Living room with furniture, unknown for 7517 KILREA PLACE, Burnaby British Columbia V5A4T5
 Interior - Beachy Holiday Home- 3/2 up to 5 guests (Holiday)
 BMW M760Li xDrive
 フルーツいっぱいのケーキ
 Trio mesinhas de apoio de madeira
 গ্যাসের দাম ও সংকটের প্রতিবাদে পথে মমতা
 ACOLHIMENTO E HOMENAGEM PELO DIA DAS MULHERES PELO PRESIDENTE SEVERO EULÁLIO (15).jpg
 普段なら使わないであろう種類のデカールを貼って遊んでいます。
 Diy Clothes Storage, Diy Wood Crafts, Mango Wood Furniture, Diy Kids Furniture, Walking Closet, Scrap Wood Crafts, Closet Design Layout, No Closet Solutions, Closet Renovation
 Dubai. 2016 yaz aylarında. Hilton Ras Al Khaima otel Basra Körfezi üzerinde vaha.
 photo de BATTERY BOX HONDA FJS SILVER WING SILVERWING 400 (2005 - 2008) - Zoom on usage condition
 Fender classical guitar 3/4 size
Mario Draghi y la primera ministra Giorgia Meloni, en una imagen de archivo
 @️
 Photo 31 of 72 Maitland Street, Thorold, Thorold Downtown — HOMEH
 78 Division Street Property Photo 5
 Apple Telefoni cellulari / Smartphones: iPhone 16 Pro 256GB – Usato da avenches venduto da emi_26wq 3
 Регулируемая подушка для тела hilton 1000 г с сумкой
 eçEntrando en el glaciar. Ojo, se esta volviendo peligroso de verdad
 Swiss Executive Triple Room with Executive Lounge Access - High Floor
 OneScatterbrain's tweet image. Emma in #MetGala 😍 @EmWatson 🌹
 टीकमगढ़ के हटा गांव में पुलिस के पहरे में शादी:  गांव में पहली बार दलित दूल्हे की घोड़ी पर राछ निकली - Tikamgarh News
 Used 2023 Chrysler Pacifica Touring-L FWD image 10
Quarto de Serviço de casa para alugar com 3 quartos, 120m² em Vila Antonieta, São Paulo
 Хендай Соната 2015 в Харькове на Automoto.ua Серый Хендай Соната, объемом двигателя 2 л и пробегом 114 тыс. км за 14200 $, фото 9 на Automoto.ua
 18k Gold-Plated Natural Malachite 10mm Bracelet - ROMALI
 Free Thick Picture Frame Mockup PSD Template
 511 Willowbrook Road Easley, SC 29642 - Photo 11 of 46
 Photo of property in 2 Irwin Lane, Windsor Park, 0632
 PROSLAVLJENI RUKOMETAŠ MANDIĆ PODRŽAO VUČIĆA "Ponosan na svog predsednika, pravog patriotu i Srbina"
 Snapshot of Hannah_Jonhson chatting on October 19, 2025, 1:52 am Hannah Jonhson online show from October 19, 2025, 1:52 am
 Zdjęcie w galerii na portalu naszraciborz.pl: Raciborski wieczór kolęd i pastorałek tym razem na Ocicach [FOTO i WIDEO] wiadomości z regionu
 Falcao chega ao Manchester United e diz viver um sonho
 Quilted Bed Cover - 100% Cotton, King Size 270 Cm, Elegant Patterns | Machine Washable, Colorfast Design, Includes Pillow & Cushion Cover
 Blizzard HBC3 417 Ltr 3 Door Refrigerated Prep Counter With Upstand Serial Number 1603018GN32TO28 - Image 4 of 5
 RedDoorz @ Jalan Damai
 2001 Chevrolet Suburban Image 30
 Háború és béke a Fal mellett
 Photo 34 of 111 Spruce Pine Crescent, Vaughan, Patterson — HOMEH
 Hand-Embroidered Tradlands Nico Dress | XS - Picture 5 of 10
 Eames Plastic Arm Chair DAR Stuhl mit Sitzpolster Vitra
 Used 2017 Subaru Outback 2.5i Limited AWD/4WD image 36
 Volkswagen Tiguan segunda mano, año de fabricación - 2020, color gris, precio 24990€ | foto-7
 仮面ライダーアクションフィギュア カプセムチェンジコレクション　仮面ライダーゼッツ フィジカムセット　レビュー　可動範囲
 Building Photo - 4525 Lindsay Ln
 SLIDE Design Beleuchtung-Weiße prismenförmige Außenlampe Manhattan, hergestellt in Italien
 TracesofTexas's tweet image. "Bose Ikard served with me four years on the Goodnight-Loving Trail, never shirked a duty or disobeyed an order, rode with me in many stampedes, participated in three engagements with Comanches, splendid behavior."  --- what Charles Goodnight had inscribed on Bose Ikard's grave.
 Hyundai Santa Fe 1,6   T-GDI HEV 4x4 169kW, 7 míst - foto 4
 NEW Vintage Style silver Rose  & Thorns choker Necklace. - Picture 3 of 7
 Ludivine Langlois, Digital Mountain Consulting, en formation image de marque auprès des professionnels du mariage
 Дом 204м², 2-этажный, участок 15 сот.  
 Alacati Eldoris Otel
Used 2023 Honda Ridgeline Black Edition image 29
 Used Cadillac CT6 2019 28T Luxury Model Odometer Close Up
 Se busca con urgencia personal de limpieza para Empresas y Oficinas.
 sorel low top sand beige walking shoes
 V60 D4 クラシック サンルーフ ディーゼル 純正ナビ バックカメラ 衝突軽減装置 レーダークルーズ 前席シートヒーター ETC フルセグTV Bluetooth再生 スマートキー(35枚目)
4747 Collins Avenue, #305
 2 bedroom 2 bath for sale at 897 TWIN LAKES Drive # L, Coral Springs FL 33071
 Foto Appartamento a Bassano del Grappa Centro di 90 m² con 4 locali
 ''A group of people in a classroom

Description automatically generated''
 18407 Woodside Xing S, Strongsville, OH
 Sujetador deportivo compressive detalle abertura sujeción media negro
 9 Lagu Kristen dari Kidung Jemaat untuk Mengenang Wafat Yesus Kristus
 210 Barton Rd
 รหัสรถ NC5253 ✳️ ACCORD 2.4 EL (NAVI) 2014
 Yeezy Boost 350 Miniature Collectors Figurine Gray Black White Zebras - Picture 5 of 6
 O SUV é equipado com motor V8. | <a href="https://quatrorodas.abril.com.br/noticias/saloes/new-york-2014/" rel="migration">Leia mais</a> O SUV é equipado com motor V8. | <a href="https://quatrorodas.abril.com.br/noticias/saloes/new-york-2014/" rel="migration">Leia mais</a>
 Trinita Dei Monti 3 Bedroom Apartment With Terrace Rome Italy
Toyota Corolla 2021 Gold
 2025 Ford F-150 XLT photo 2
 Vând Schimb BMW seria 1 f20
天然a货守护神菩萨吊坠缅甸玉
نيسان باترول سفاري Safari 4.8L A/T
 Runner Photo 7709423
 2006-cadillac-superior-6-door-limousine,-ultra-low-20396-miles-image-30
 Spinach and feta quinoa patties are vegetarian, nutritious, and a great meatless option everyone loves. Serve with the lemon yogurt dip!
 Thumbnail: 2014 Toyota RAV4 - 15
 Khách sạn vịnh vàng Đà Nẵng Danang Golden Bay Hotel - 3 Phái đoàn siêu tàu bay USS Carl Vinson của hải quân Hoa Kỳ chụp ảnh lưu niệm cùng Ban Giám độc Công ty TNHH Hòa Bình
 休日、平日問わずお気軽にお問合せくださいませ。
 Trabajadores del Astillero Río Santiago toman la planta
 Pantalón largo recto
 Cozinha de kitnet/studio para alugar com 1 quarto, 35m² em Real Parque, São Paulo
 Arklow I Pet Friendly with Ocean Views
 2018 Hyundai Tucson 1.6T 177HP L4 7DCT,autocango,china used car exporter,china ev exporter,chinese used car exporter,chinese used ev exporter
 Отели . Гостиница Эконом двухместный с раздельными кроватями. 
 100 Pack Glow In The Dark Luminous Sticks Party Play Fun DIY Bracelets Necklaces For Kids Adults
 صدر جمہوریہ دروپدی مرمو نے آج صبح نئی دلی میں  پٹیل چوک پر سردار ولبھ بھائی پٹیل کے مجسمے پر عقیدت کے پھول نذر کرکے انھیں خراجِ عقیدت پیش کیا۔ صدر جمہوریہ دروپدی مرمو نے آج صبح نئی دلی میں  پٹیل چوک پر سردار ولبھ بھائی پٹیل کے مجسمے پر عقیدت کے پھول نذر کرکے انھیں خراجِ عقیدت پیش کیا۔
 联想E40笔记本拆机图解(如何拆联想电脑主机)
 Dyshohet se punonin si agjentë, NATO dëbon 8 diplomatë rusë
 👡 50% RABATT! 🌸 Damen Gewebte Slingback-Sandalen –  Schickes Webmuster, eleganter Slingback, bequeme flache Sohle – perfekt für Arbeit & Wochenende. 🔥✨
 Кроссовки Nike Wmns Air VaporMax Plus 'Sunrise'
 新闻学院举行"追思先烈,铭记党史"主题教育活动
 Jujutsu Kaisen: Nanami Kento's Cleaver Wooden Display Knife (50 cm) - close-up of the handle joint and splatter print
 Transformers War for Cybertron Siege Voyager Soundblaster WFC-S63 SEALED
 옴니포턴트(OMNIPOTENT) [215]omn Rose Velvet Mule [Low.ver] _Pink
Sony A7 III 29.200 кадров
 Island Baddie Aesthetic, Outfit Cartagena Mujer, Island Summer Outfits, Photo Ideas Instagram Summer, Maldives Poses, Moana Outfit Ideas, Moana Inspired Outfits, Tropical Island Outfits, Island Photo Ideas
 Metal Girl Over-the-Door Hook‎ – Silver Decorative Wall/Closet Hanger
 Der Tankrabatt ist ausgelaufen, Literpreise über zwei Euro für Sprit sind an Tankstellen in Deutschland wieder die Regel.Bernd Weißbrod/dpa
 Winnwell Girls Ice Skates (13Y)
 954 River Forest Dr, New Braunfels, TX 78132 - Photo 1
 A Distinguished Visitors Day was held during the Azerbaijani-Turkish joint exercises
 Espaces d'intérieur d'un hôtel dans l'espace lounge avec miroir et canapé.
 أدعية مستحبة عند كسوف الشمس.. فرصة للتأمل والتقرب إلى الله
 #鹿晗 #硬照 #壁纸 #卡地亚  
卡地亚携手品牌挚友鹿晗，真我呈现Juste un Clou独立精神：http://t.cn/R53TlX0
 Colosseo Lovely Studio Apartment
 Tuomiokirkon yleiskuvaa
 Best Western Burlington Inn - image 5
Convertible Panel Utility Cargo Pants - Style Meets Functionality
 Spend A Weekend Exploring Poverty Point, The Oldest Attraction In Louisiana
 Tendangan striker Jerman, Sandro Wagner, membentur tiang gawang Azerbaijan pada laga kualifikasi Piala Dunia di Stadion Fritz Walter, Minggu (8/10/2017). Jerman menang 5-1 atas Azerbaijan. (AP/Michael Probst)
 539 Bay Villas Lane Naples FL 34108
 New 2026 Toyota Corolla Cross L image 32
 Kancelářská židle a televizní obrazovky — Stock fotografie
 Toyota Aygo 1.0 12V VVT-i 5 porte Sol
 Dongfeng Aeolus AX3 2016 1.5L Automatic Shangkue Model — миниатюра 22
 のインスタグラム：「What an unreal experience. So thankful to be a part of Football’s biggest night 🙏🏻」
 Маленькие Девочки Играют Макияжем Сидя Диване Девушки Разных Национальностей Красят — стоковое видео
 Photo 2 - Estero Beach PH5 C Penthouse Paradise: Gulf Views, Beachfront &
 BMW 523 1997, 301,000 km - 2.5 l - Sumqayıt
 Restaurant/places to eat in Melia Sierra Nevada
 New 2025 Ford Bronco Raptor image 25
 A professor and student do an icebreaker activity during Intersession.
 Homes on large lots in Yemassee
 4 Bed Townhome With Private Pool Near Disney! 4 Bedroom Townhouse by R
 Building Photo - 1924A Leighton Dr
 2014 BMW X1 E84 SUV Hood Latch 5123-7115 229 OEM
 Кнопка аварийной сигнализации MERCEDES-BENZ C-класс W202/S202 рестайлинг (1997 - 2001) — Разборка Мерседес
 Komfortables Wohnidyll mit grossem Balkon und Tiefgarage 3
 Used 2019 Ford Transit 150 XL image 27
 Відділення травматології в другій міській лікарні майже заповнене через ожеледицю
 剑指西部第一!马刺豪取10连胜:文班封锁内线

• _Activity_
From the records above, copy out the line with "Used 2017 Subaru", the line with "SLIDE Design Beleuchtung-Weiße", and every line between them, word for word.

• _Written reply_
 Used 2017 Subaru Outback 2.5i Limited AWD/4WD image 36
 Volkswagen Tiguan segunda mano, año de fabricación - 2020, color gris, precio 24990€ | foto-7
 仮面ライダーアクションフィギュア カプセムチェンジコレクション　仮面ライダーゼッツ フィジカムセット　レビュー　可動範囲
 Building Photo - 4525 Lindsay Ln
 SLIDE Design Beleuchtung-Weiße prismenförmige Außenlampe Manhattan, hergestellt in Italien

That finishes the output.